Stored items
__________

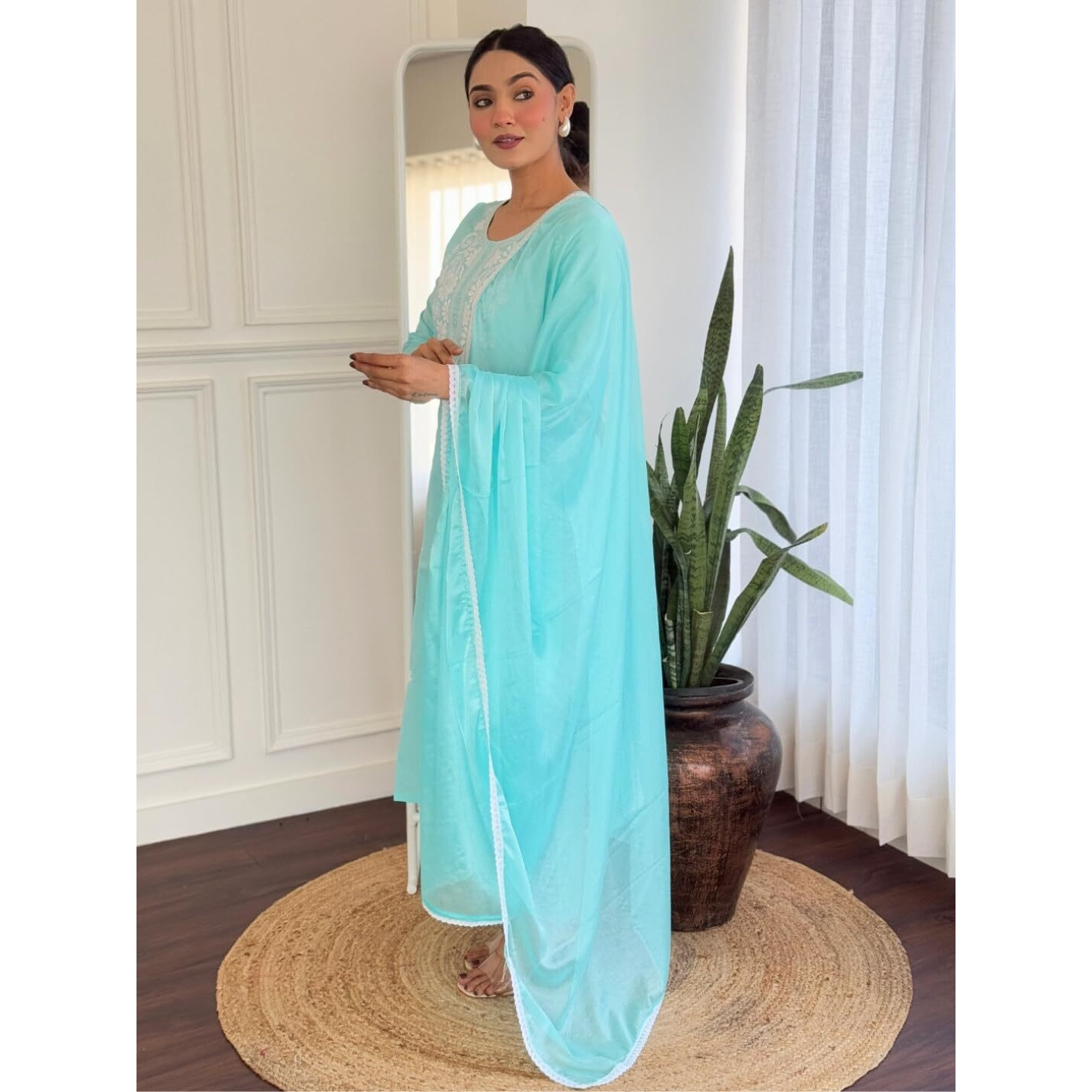 Navlik Women's Cotton Embroidered Straight Kurta with Pant and Dupatta Sets (NK-S-103) (Size X-Large, Color Sky)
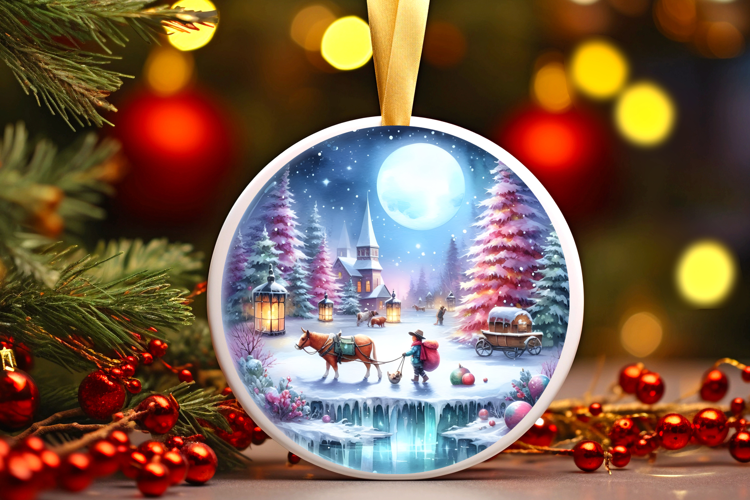 Round Christmass Ornament Sublimation|Clipart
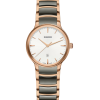 Produktbilde av Rado Centrix 30.5MM med hvit urskive på stål og keramikk lenke. Ref. R30024012.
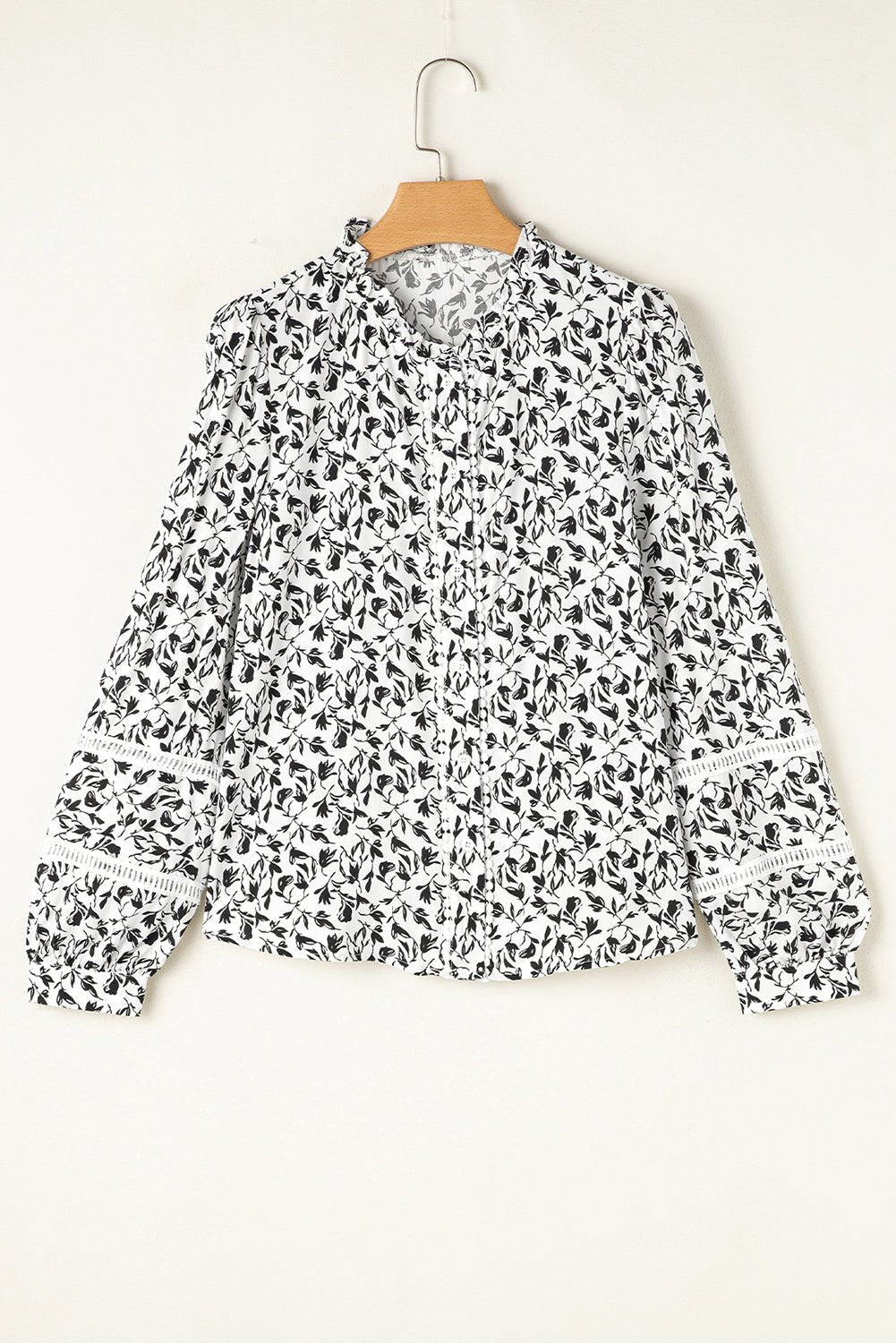 Black Printed Lace Detail Floral Puff Sleeve Fall Shirt - Goddess Vibes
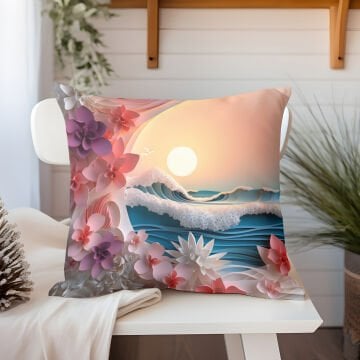 3D Deniz Temalı Kırlent Paneli Dikilmemiş Kumaş
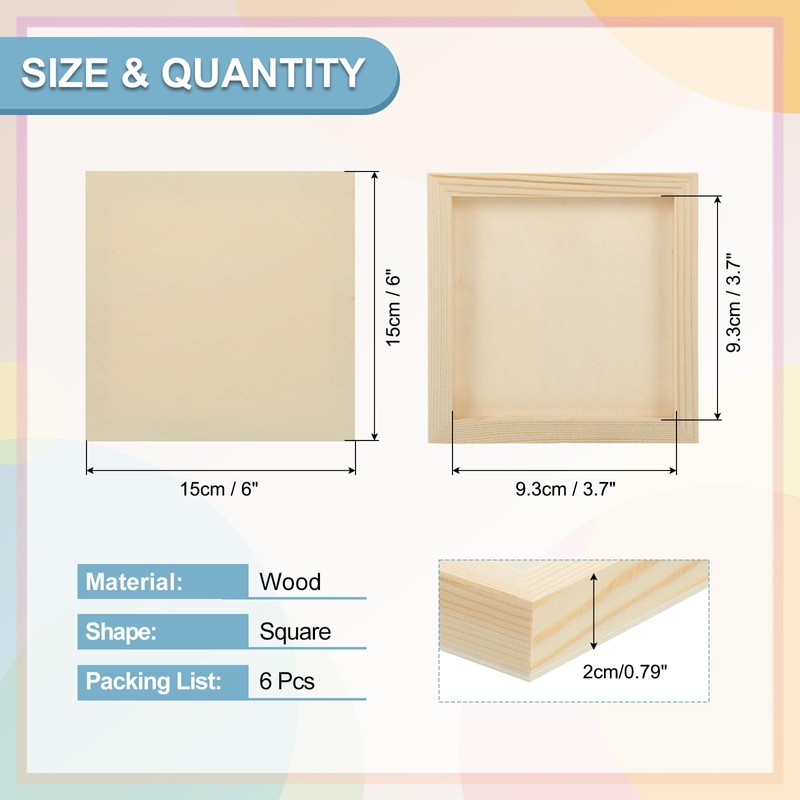 sourcing map 6 Pack Wood Canvas Boards, 6x6 Inch Art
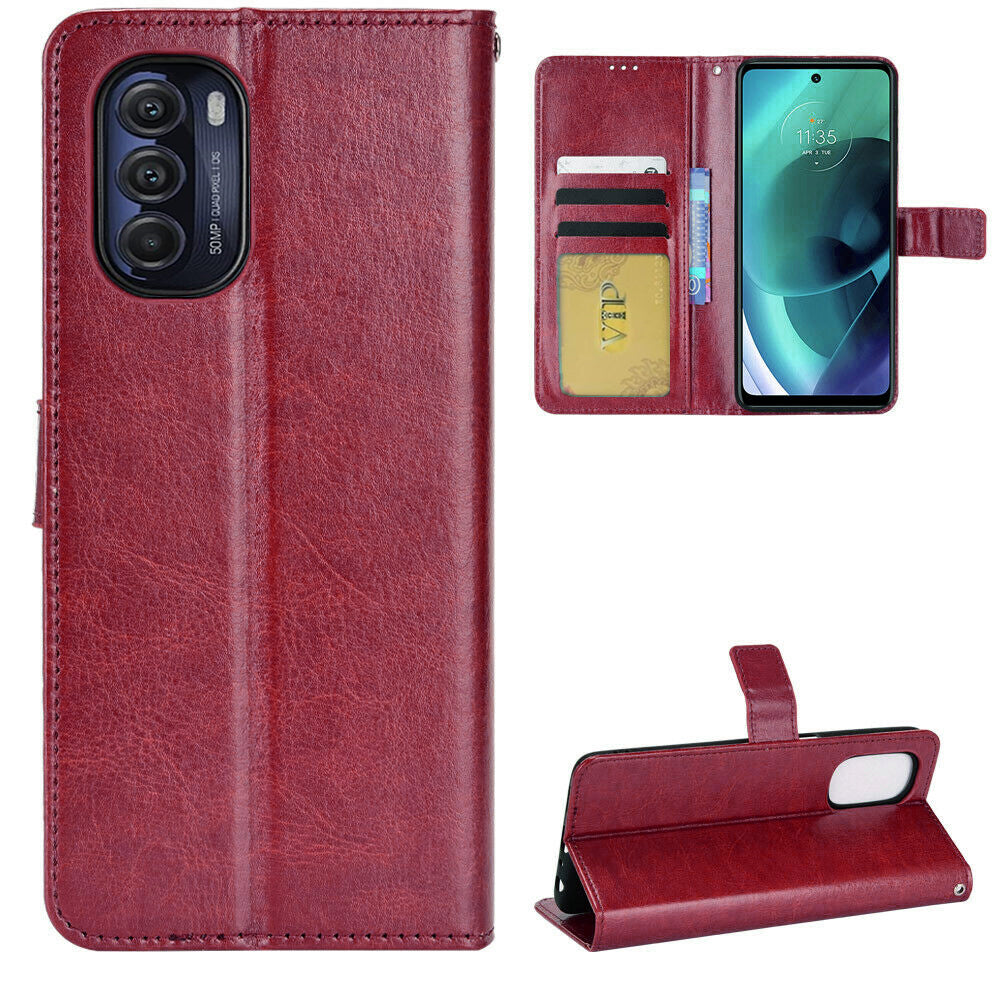 Leather Folio Wallet Case for Motorola Moto Edge (2022)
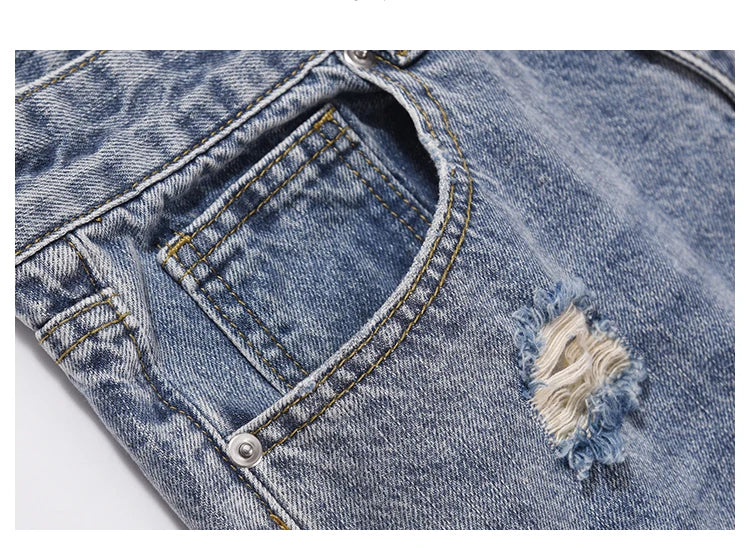 destroyed ripped jeans straight jean pants men biker jeans fashion zipper streetwear trousers hip hop pants joggers baggy jeans unique joggers style 2171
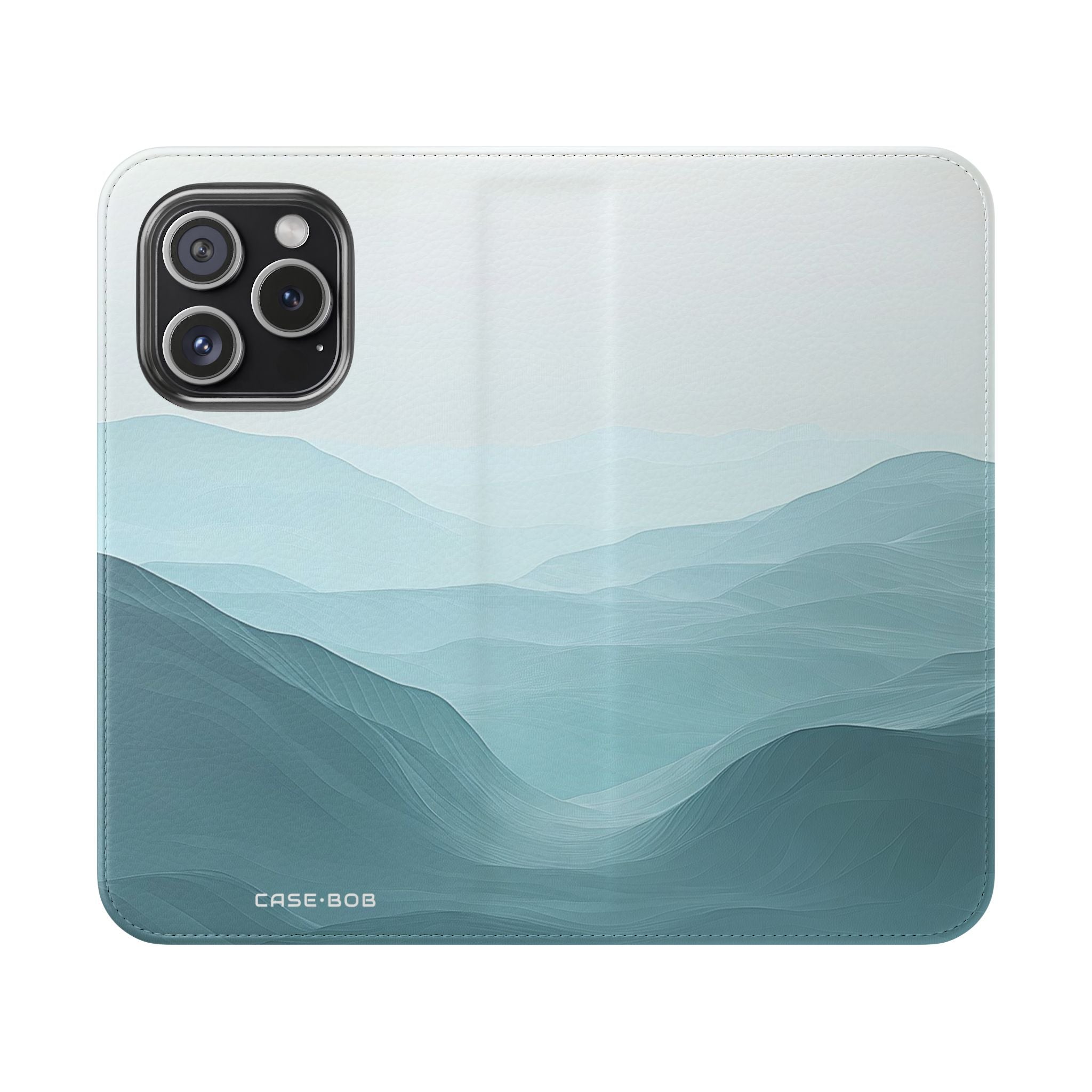 Teal Ridge Layers - iPhone 15 Pro Case - Wallet
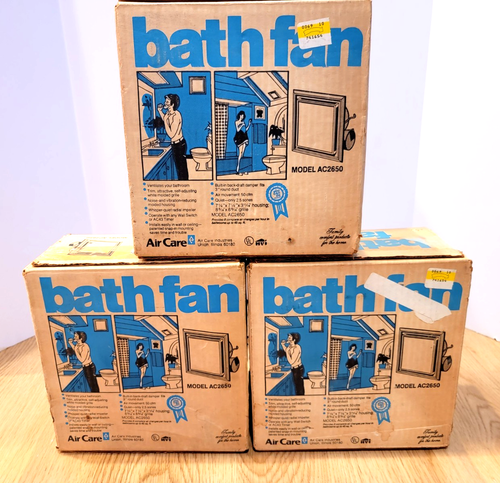 Set of 3 Vintage Air Care AC2840 Bath Ventilation Fans 2 New Sealed & 1 Open Box - Picture 5 of 8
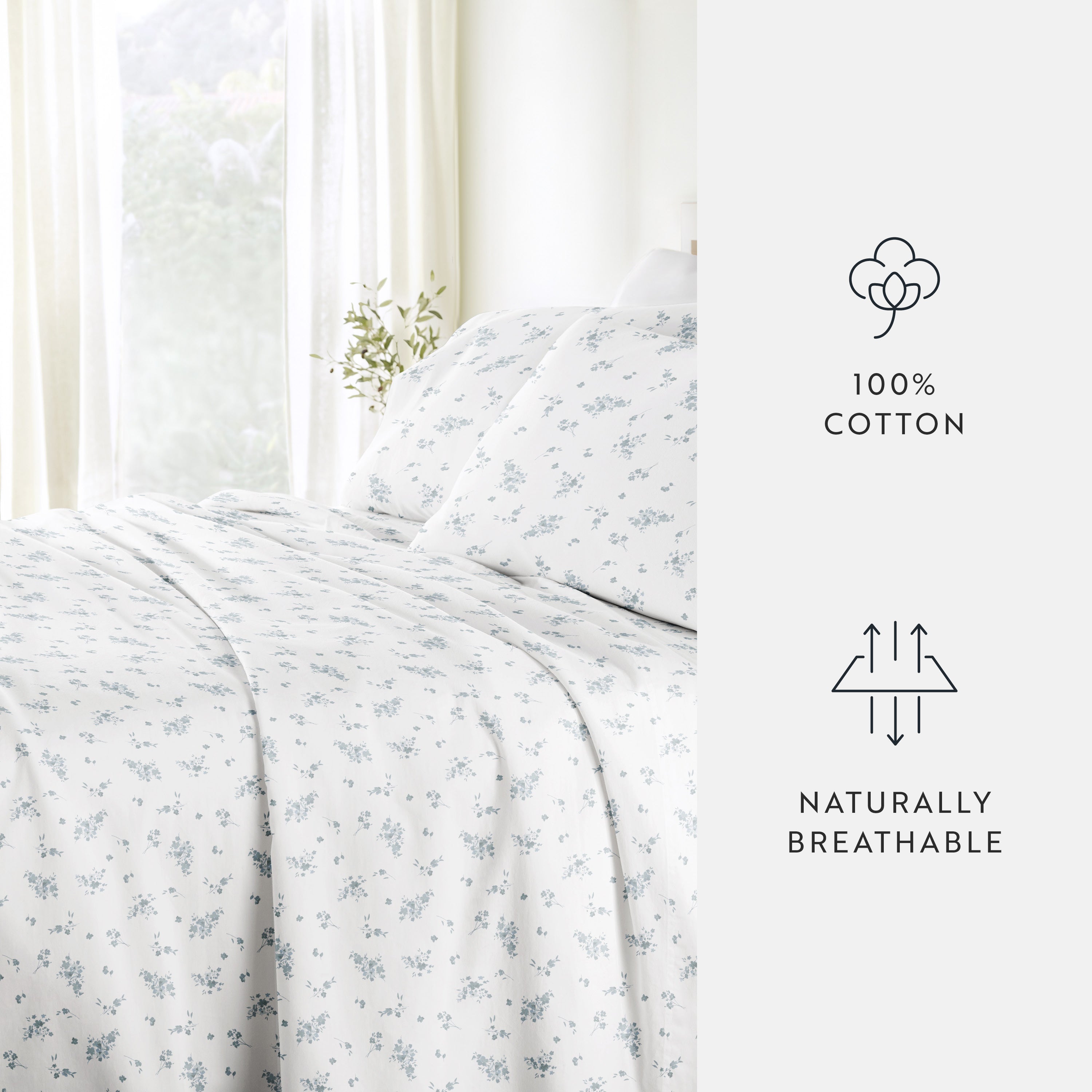 Bouquet Bliss 100% Cotton Long Staple Sheet Set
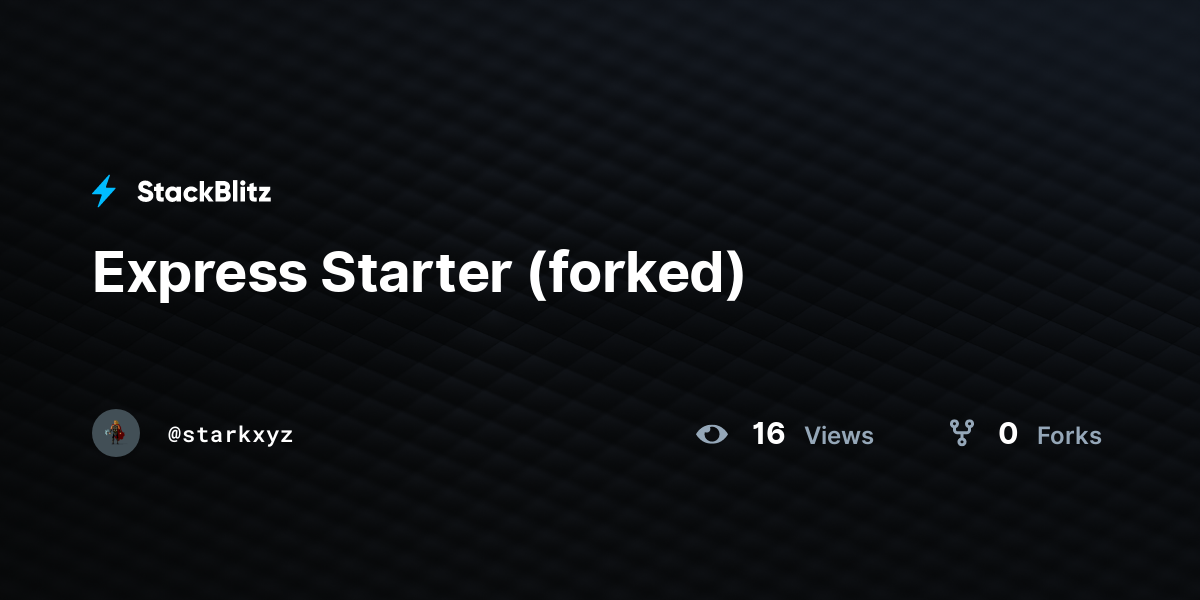 Express Starter (forked) - StackBlitz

__________

» What is needed
Starting at the line that contains "sourcing map 6", write out every line through the end of the entries, both ends included, without any pictures.

» Answer to this exercise
 sourcing map 6 Pack Wood Canvas Boards, 6x6 Inch Art
 Leather Folio Wallet Case for Motorola Moto Edge (2022)
 destroyed ripped jeans straight jean pants men biker jeans fashion zipper streetwear trousers hip hop pants joggers baggy jeans unique joggers style 2171
 Teal Ridge Layers - iPhone 15 Pro Case - Wallet
 Set of 3 Vintage Air Care AC2840 Bath Ventilation Fans 2 New Sealed & 1 Open Box - Picture 5 of 8
 Bouquet Bliss 100% Cotton Long Staple Sheet Set
 Express Starter (forked) - StackBlitz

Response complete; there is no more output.